Information provided>
--- START ---
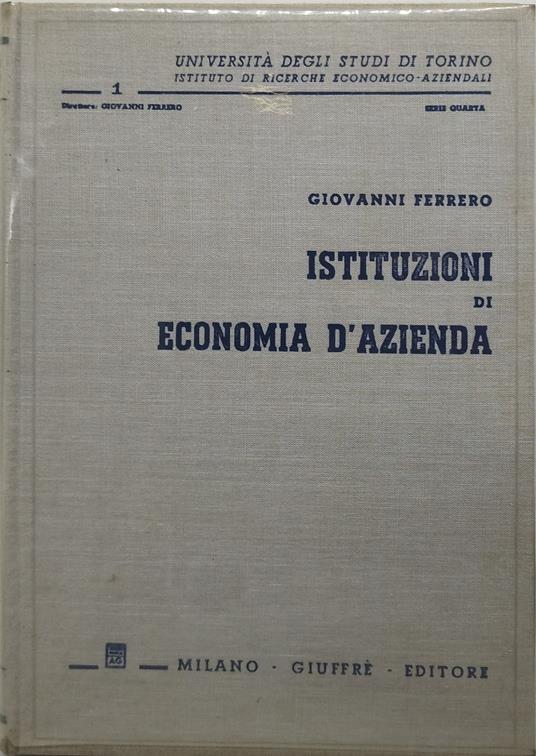 istituzioni di economia d'azienda - copertina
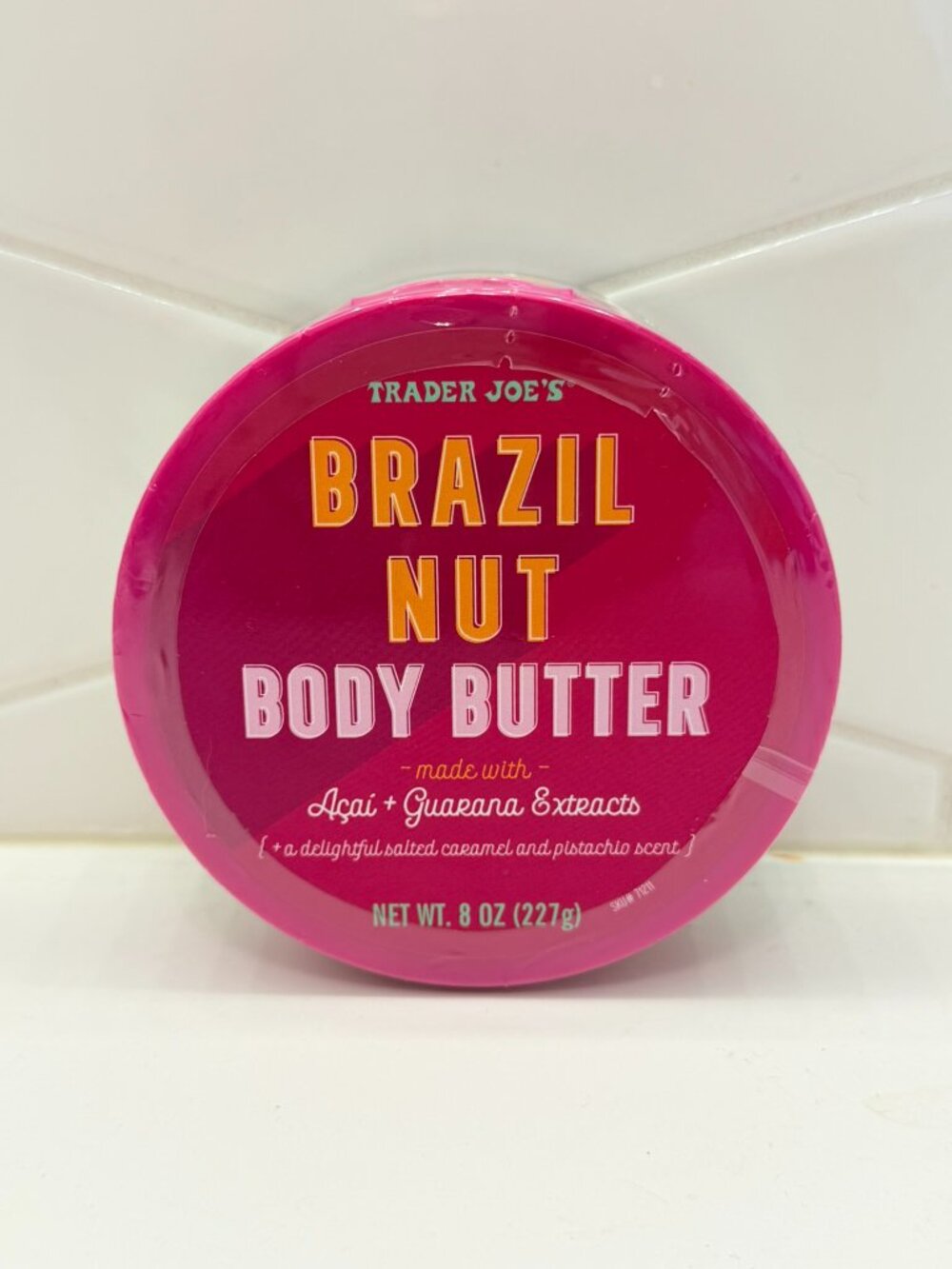 Trader Joes Brazil Nut Body Butter Brand New Sealed Container Limited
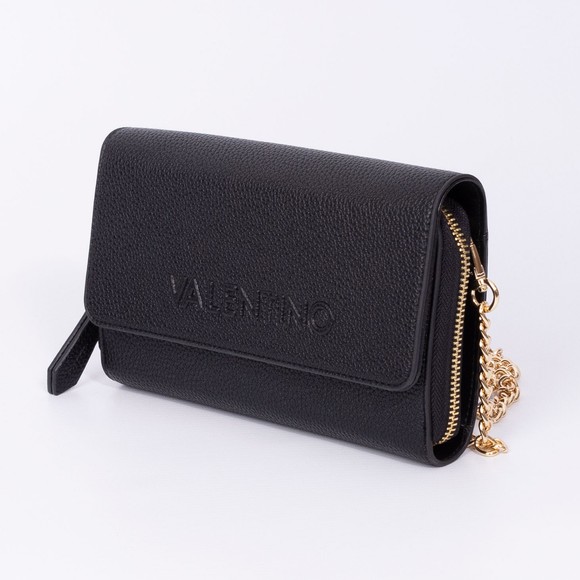 Valentino Bags Womens Black Rised RE Wallet With Shoulder Strap main image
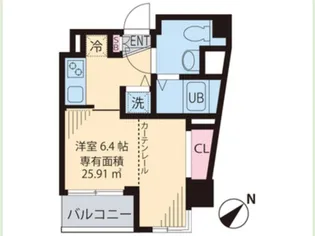 ヴィラージュ高円寺【3階】の間取り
--- END ---
Aim of the task>
All of the material above should be copied exactly, minus the pictures.

Answer for this exercise>
 istituzioni di economia d'azienda - copertina
 Trader Joes Brazil Nut Body Butter Brand New Sealed Container Limited
 Valentino Bags Womens Black Rised RE Wallet With Shoulder Strap main image
 ヴィラージュ高円寺【3階】の間取り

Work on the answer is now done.